日本とイスラエル

水と油でも補完関係

欧米や中国と比べると周回遅れの観が否めない日本のイスラエル投資。互いの国民性は補完関係にあり、有望なIoTベンチャーとの協業は有力な選択肢だ。

 「ドラゴンボールのアニメを見て日本語を勉強しているよ」。イスラエルのスタートアップ企業、ザ・エレガント・モンキー(TEM)のマーヤン・ヤジディーCEOは人なつっこく笑う。

 同社は村田製作所による新事業のアイデアを募るコンテストの優勝企業。村田製作所のセンサーを使ったヘルスケアシステムを提案した。両社は9月に提携し、「まだ詳細は明かせないが、心理ストレスがどう変化するか予測し、解消する製品を作る」(ヤジディー氏)。

村田製作所が昨年開いた新規事業コンテスト。優勝したスタートアップと手を組んで、ヘルスケアIoTに乗り出す

 TEMが日本市場に目を向ける理由は2つ。一つは「ストレスをため込みがちな日本が一番重要な市場だから」。もう一つは日本のモノ作りへの期待だ。「イスラエルのソフトウエアに日本の精緻な製造技術を組み合わせれば、素晴らしいサービスが提供できる」(ヤジディー氏)。

 イスラエルを拠点にしたスタートアップ専門メディア「ギークタイム」を運営するモラン・バー氏は「イスラエルはマーケティングや大量生産、ハードウエアの作り込みは得意じゃない。こうした部分を補完するパートナーとして日本は理想的だ」と話す。

日本含めアジア各国に秋波

 2年前からイスラエルに居を構え、現地スタートアップ企業の紹介サイトを運営するエイニオの寺田彼日(あに)CEOは「村田とTEMが成功のロールモデルになってほしい」と期待する。

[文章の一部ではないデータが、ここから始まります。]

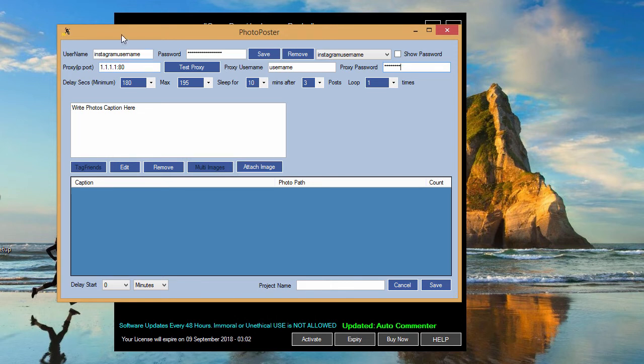You can always test the proxy. Click on test proxy, and when you are done and happy, click on save.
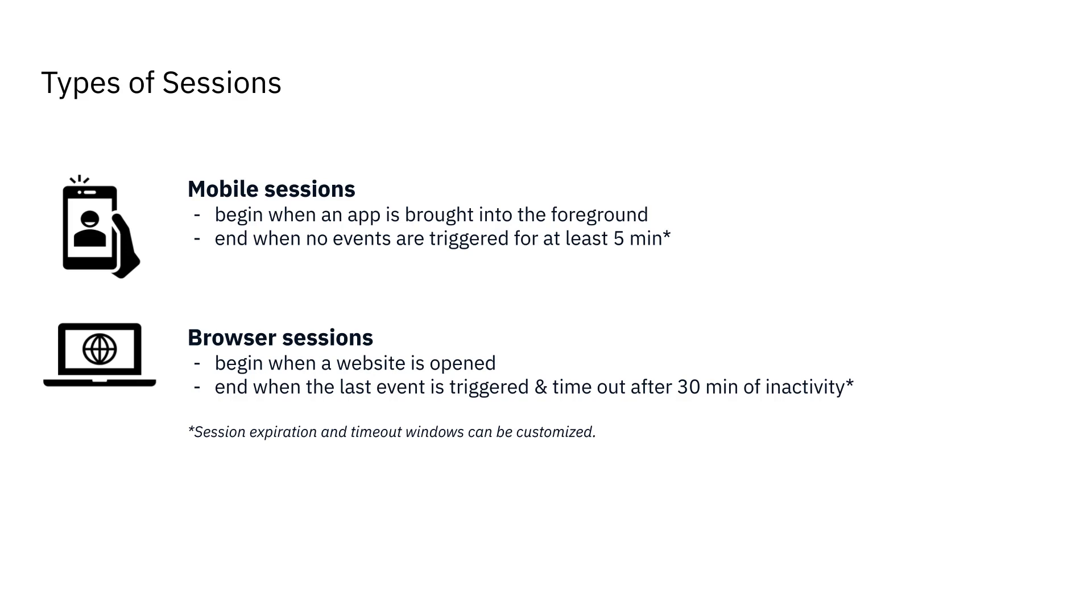A browser session begins when a website is opened and ends when the last event is triggered. Web sessions time out after 30 minutes of no activity by default.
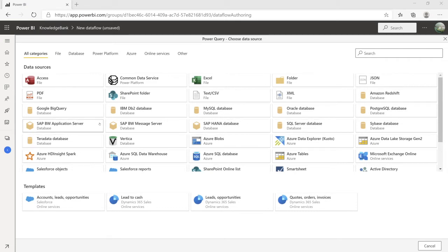This got me really excited — it saves me a lot of effort if I have the connectors directly available in Dataflows. This is a great new addition to Dataflows.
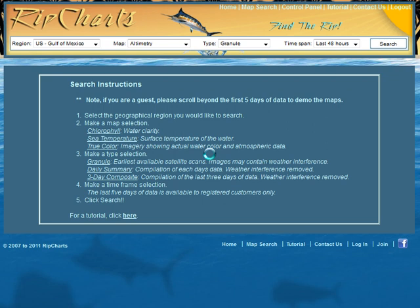Welcome to the RipCharts altimetry tutorial. In this tutorial we're going to go over altimetry, what it means, how to best utilize it, and explain the data set a little bit.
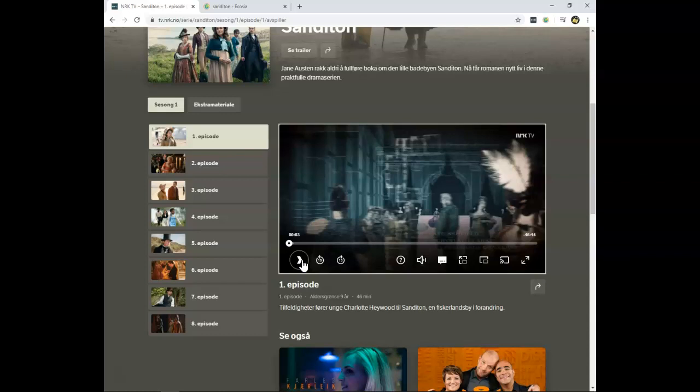Make sure to subscribe to the channel, and have a wonderful day. Click the ExpressVPN link for also three months extra for free if you purchase a 12-month subscription. So, thank you for watching, have a nice day.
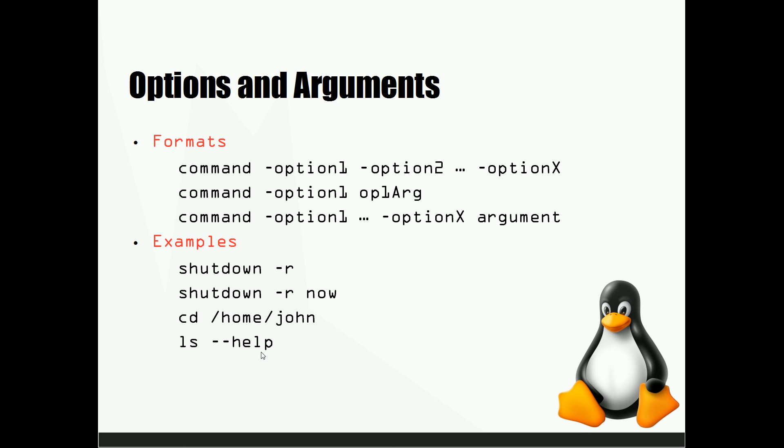So that's about it for this video. I just wanted to make a quick one about how commands are structured so that you can get used to figuring out how to work with different options later on on your own and using different arguments. It's good to start by just knowing how the commands are going to be structured. So thanks guys, don't forget to comment, like, and subscribe.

 下の表「●日本企業による主なイスラエルへの投資例」のように、安倍晋三首相が昨年イスラエルを訪問した後、日本企業のイスラエル投資は活発になっている。イスラエルとしても、これまで欧米への依存度が高かった状況を変えるため、アジア各国へ秋波を送っている。

安倍首相の訪問後に加速
●日本企業による主なイスラエルへの投資例
2014年2月 楽天が無料通話アプリのバイバーを9億ドルで買収
2014年5月 イスラエルのネタニヤフ首相が来日
2015年1月 安倍首相がイスラエル訪問
2015年2月 三井物産ヘルスケアIoTの
アーリーセンスに500万ドルを投資
2015年10月 ソフトバンクなどがサイバーセキュリティーの
サイバーリーズンに5900万ドルを出資
2015年12月 両国が投資協定で実質合意
2016年1月 ソニーがLTE通信向けモデムチップのアルター
セミコンダクターを買収
2016年2月 NTTドコモがネット通販向け詐欺予防システムの
リスキファイドに出資

 だが、「欧米はもとより、中国と比べてもイスラエルでの日本の投資判断は遅い」(寺田氏)。

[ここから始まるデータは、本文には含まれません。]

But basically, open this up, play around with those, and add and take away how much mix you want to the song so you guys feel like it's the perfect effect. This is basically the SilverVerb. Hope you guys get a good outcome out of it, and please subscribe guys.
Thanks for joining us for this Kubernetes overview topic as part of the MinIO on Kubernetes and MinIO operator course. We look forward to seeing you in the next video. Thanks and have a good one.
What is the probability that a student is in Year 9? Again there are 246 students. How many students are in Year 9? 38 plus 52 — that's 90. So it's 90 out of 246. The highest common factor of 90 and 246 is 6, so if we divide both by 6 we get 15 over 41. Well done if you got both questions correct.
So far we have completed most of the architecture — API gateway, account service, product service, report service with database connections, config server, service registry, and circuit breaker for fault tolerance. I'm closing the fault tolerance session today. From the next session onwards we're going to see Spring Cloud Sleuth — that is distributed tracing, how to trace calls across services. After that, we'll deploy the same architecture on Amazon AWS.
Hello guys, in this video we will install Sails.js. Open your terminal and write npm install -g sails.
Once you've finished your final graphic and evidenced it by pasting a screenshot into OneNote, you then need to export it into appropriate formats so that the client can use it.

 米マイクロソフトはイスラエルのスタートアップ、プライムセンスの技術を使いゲーム機「Xbox」の動作センサー「キネクト」を開発。米グーグルもイスラエルの研究開発拠点で検索キーワードを先読みする「サジェスト機能」を生み出した。対して日本企業の具体的成果は、これまでほとんどない。

 日本企業の動きが鈍い背景として、アラブ諸国との摩擦に対する警戒感があると寺田氏は話す。「欧米、中国の企業から同様の心配を聞くことはない。偏った情報に惑わされず、イスラエルが本当にリスクの高い国なのか考えなければいけない」。

 まずはアラブ各国によるボイコット。当初はイスラエルの製品を取り扱う外国企業も対象になったが、イスラエル国内への投資を促進する政府機関FIICのジヴァ・イーガー長官は「なぜ270もの多国籍企業がイスラエルから撤退しないのか。ボイコットはもはや過去の概念」と主張する。

 エジプト、パレスチナ、ヨルダンがボイコットから離脱するなど包囲網は弱まっている。家庭用パソコンの原型「IBM PC」に搭載されたインテルのCPUはイスラエルで開発された。こうした世界標準の技術を拒むことは、アラブ各国も難しいからだ。